Die Elotec möchte die Jugendarbeit der Vereine unterstützen, dieses Jahr kommt der FC Furth im Wald in den Genuss. Am Sonntag, den 18. September, ist es soweit: Vormittags um 10.30 Uhr beginnt der Lauf rund um den Drachensee. Ausrichter ist wie immer der Skiclub Furth im Wald. Und auch an die Kinder wird gedacht. Es gibt eine Kurzstrecke von 300 Metern Länge, die die Kleinen bewältigen können. Für das leibliche Wohl der Teilnehmer am Sponsorenlauf sorgen verschiedene Further Vereine: Die DLRG bietet Steaks, Bratwürste und Wammerl vom Grill an. Die Getränkeversorgung übernimmt der Skiclub Furth im Wald, und um Kaffee und verschiedene Kuchen kümmert sich der FC Furth im Wald.

Die Startgebühr beträgt zwei Euro für eine Runde – etwa fünf Kilometer – und vier Euro für zwei Runden. Für die Kinder beträgt die Startgebühr ebenfalls zwei Euro. Startnummernausgabe ist am 18. September von 9.30 bis 10.15 Uhr an der Seebühne am Drachensee. Der Massenstart für Erwachsene erfolgt um 10.30 Uhr unter der Drachenskulptur am Promenadenplatz. Der Kinderlauf beginnt dann um 11.30 Uhr.

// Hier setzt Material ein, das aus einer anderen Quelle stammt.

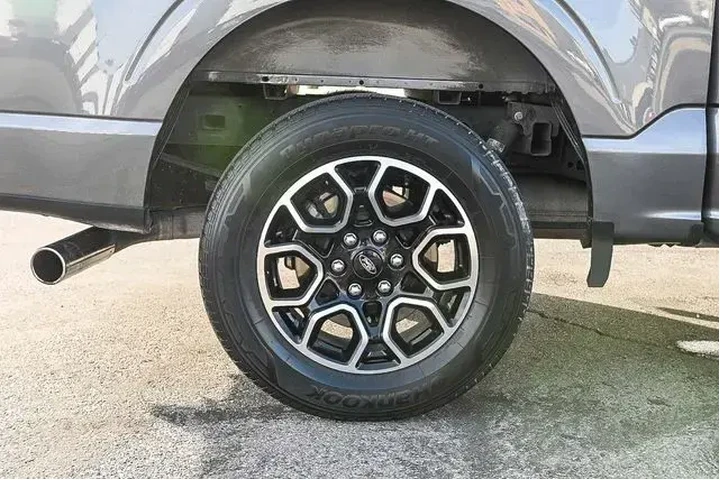 $39788 : Ford F-150 2023 4x2 XL 4dr S image 9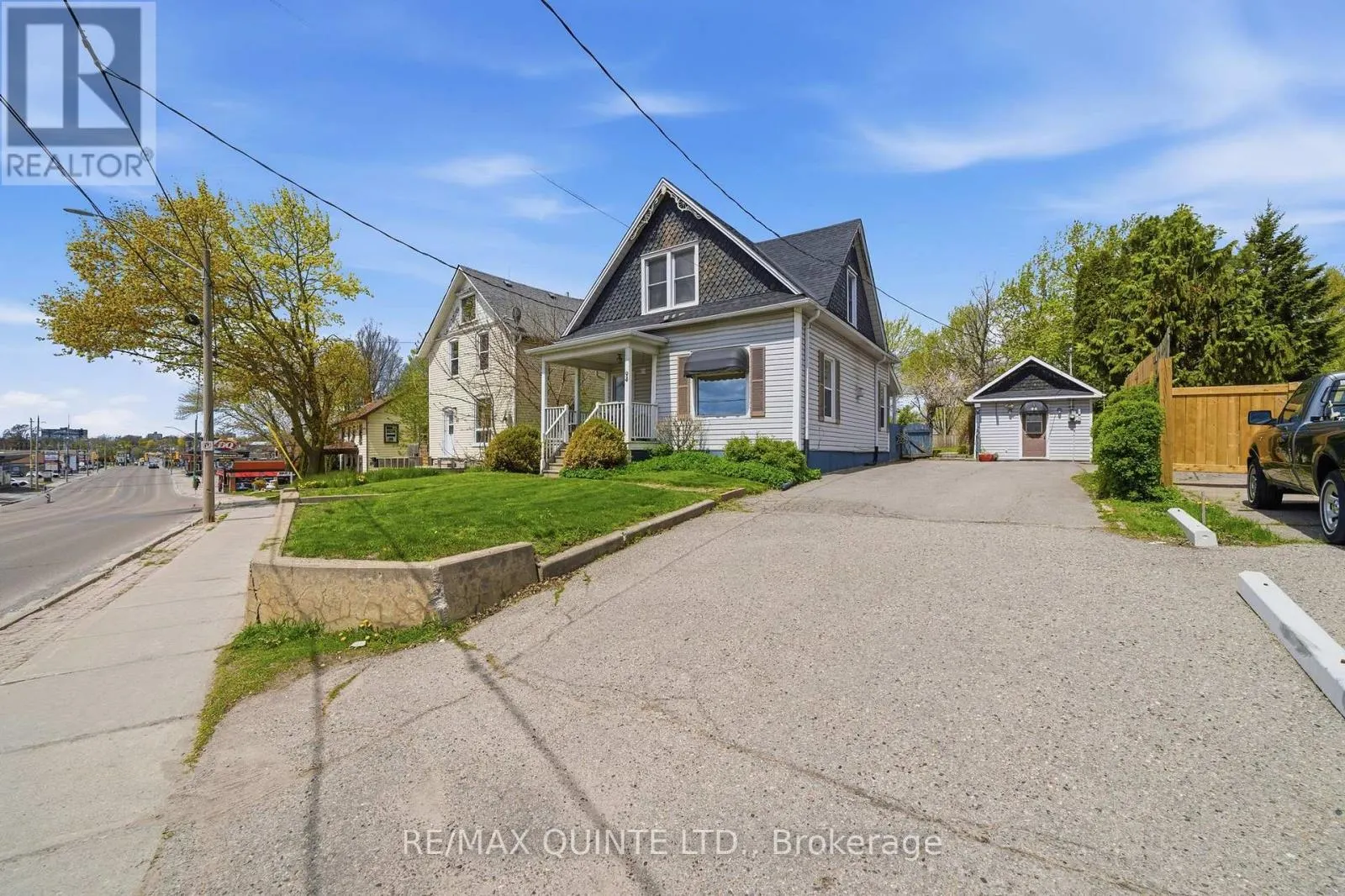 94 DUNDAS STREET E
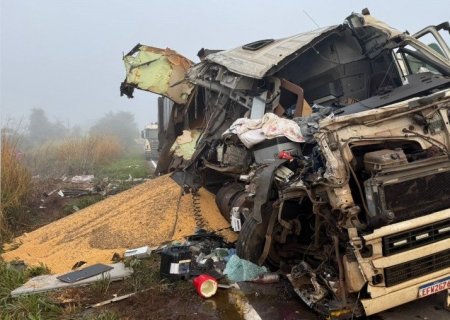 BATAYPORÃ: Colisão entre carretas deixa um motorista ferido na MS-276
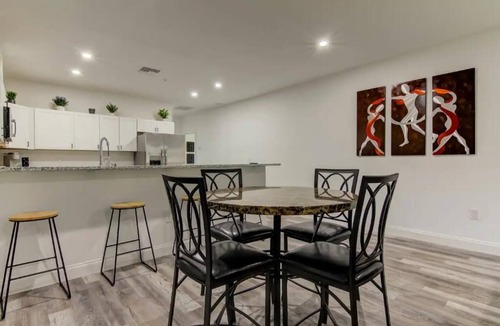 Memphis House | The Rosezena Experience.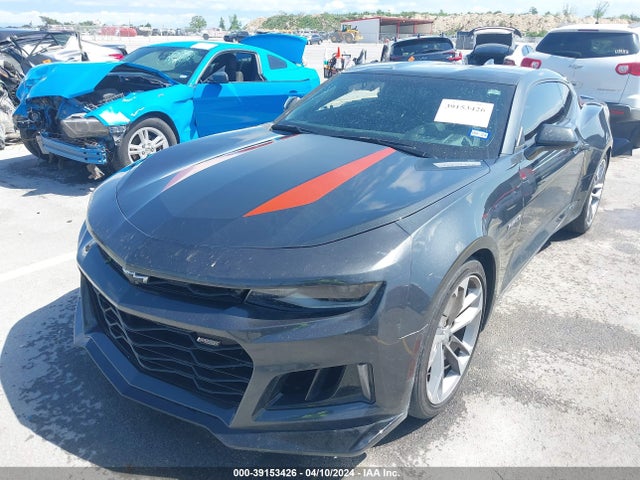 Chevrolet Camaro 2lt 2017 1G1FD1RS1H0129863 Image 2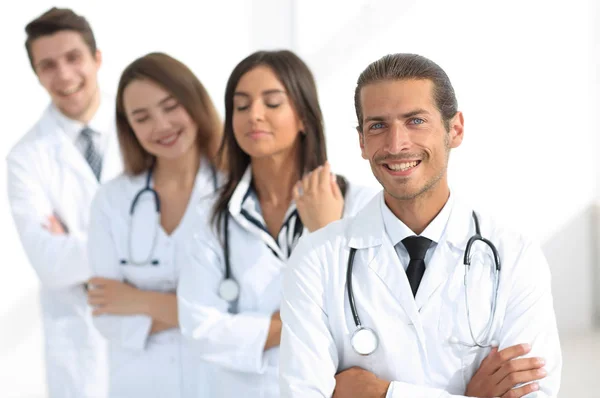 Team van artsen en verpleegkundigen als collega 's in het ziekenhuis — Stockfoto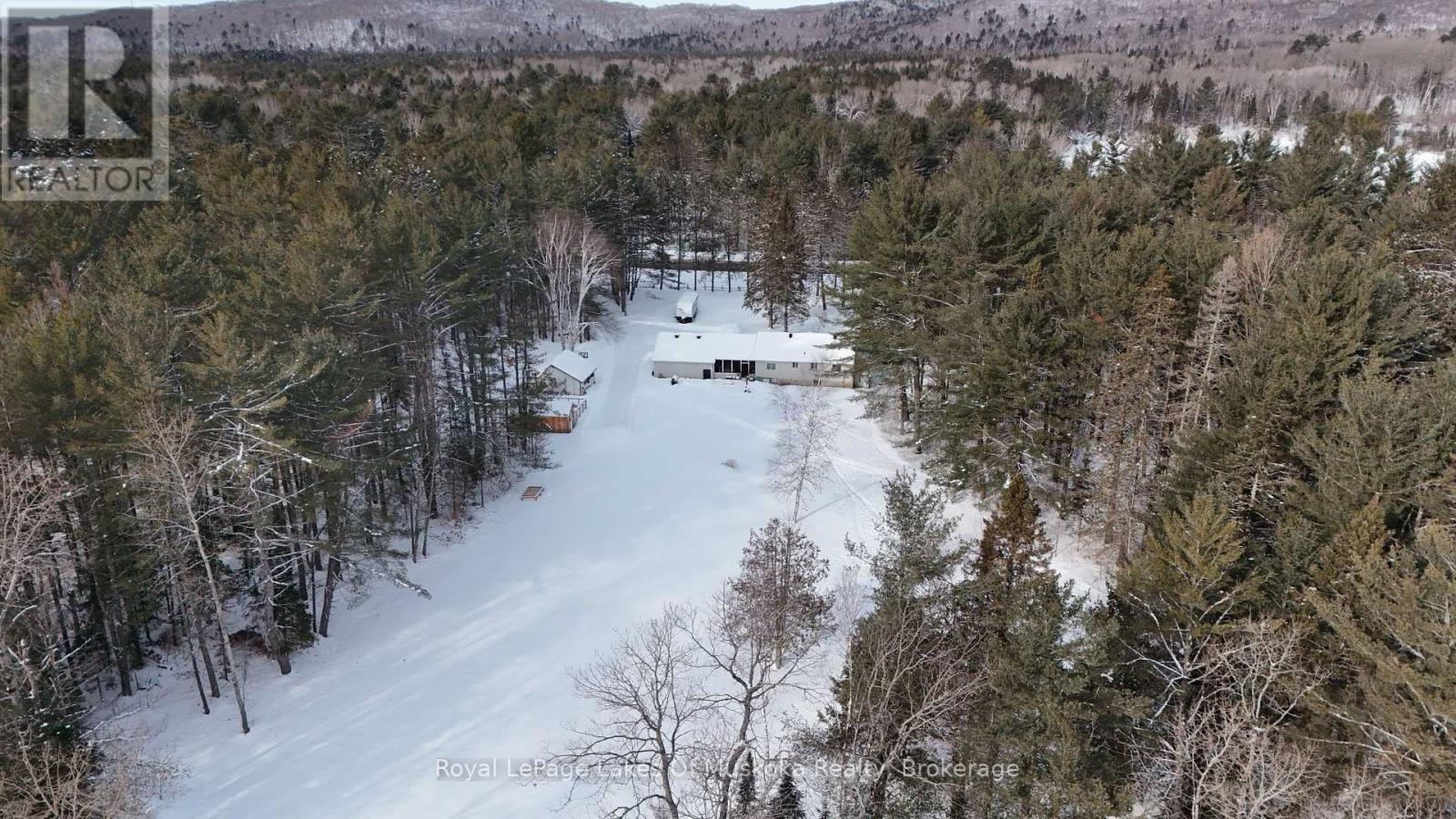 2892 60 Highway E, Lake Of Bays, Ontario  P0A 1H0 - Photo 29 - X12702616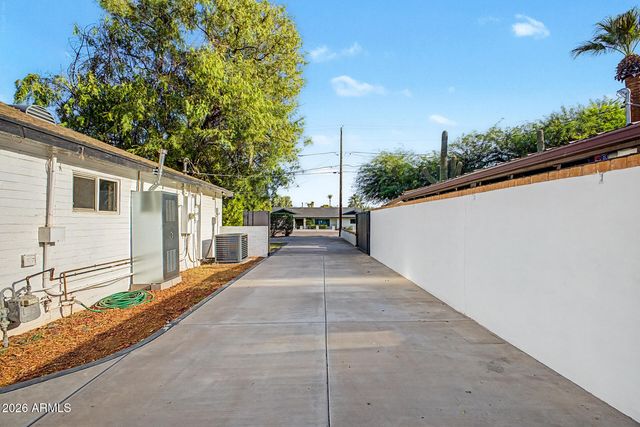 530 E ROSE Lane, Phoenix, AZ 85012
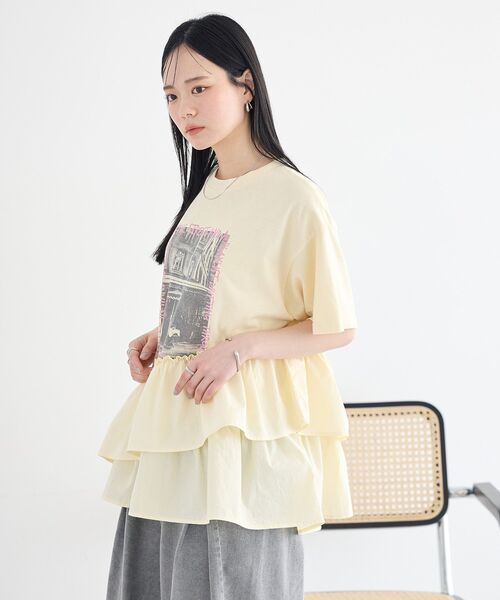 earth music&ecology（アースミュージックアンドエコロジー）の「異素材ドッキンググラフィックTシャツ（Tシャツ/カットソー・レディース・アイボリー/チャコールグレー/オフホワイト・FREE）」の8枚目の写真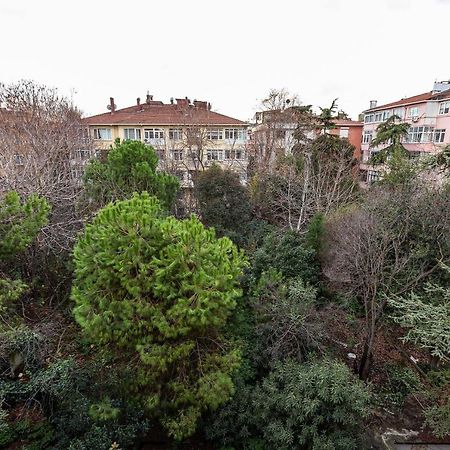 Charming Apartment Surrounded By Vibrant Attractions In Kadikoy Istanbul Bagian luar foto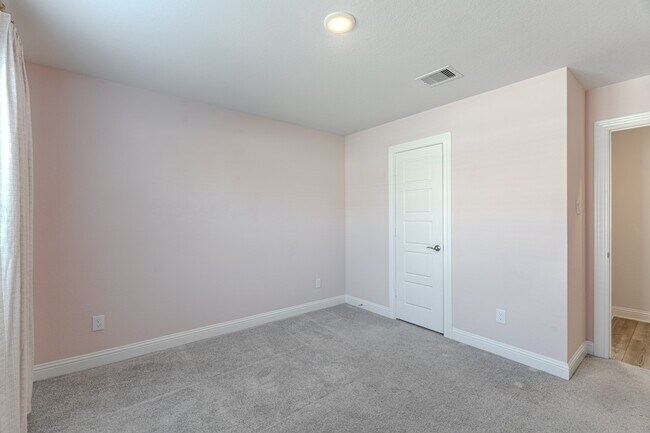 Building Photo - 9840 Sweet Flag Ct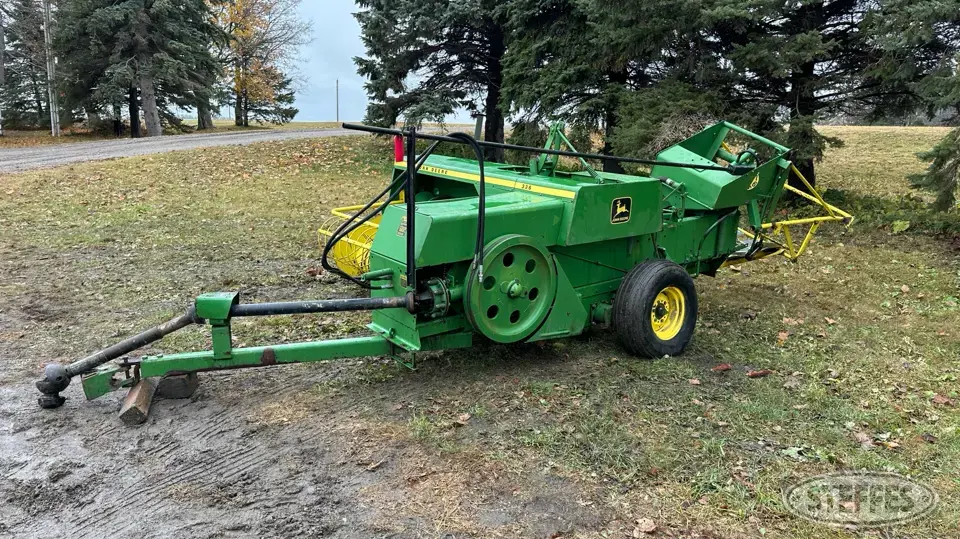 1980 John Deere 336 Square Baler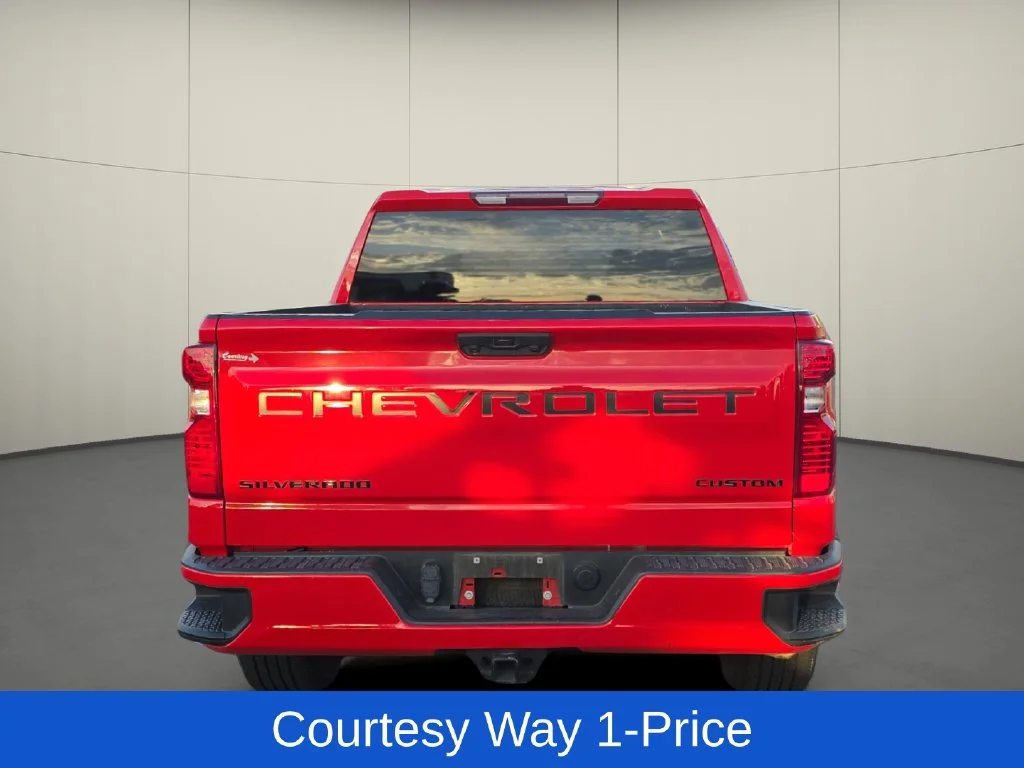 Used 2024 Red Chevrolet Custom image 8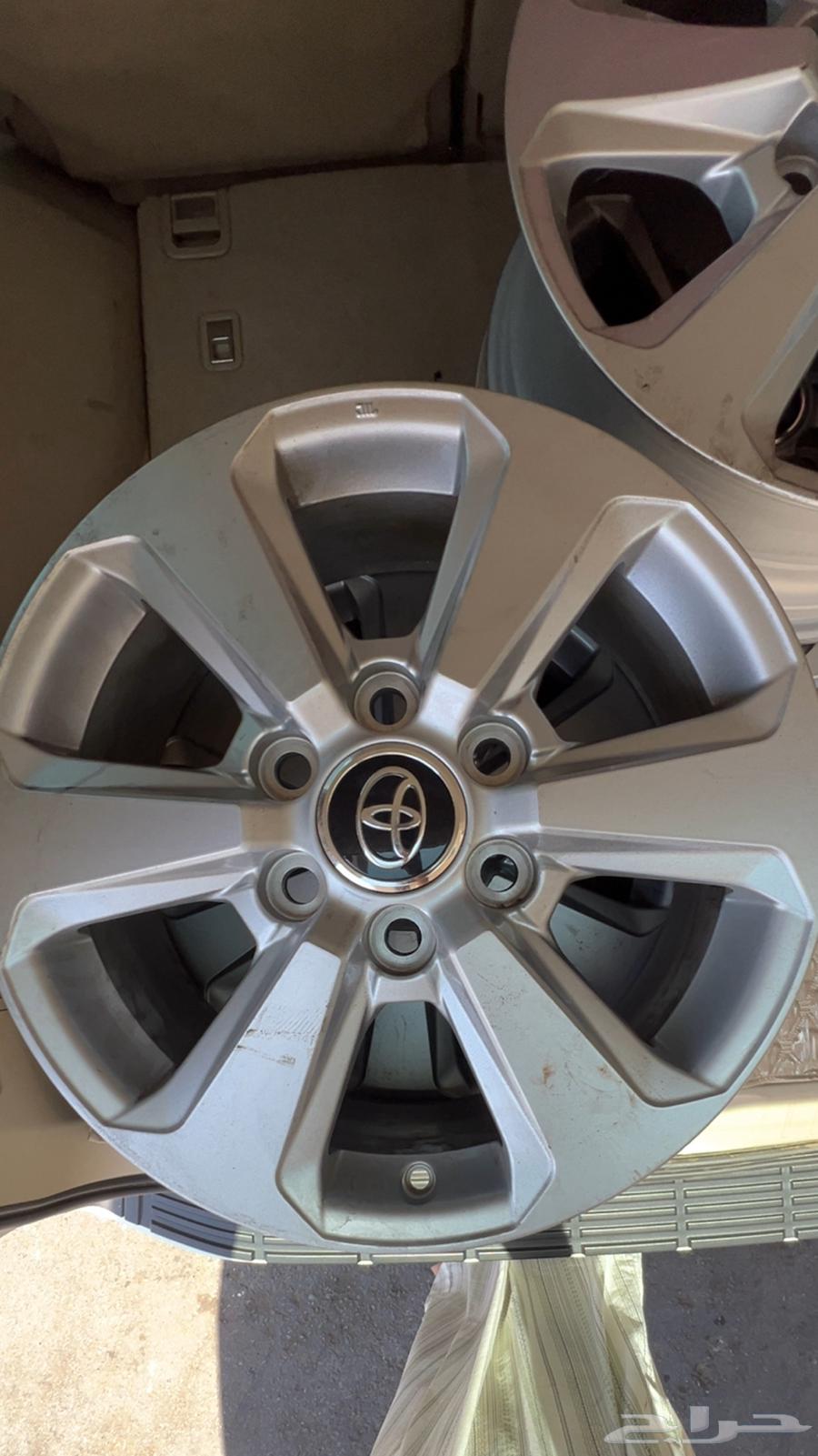 Land Cruiser Rims, 6 Studs, Size 18, Agency Condition63677239320833110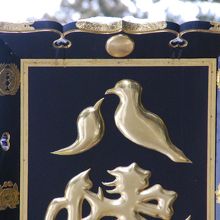 鳩が使われた八幡宮の額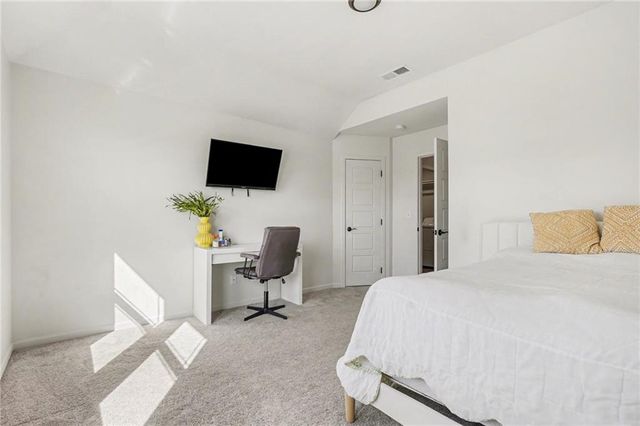 9111 N Cleveland Avenue, Kansas City, MO 64156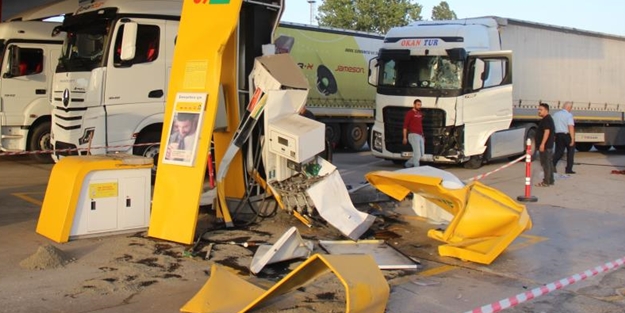 Kontrolden çıkan tır akaryakıt istasyonuna daldı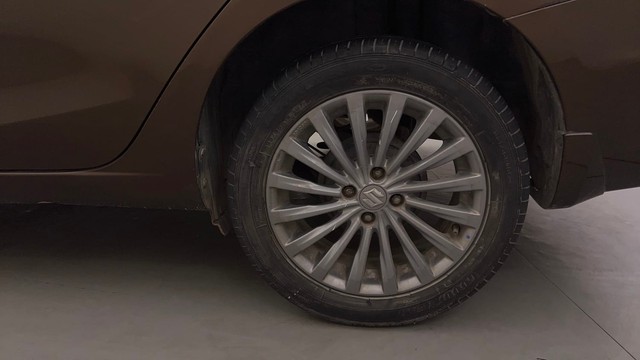 Second-hand 2015 Maruti Suzuki Ciaz ZXi for sale in Bangalore-19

Für das Rahmenprogramm sind unter anderem ein Geschicklichkeitsparcours und Bungee Jumping geplant; für die Erwachsenen geben die Trainer des Further Fitnessstudios Injoy Tipps und erklären auch Übungen, die TKK bietet für alle Anwesenden einen Atemvolumen-Check an.

Urkunden und Preise

Jedem Sportler wird nach der Startnummernrückgabe eine Urkunde überreicht. Auf die Firma, den Verein beziehungsweise die Organisation mit den meisten Teilnehmern wartet ein Preis. Als Belohnung fürs Mitsporteln winkt eine Stadtturmführung unter Leitung von Kulturwissenschaftlerin Katharina Drescher-Seidl, die sich schon darauf freut, den Gewinnern die historischen Besonderheiten Furths nahebringen zu dürfen. Unter allen Startern werden auch Einzelpreise verlost, unter anderem Karten für eine Kulinarische Stadtführung, für Lug ins Land und Eintrittskarten für Waldbühne, Volkstheater und Wildgarten. Der Veranstalter übernimmt keine Haftung gegenüber Teilnehmern, Betreuern und Zuschauern. Die Firma Elotec, der Skiclub und alle beteiligten Vereine freuen sich auf viele Teilnehmer am Elotec-Sponsorenlauf rund um den Drachensee.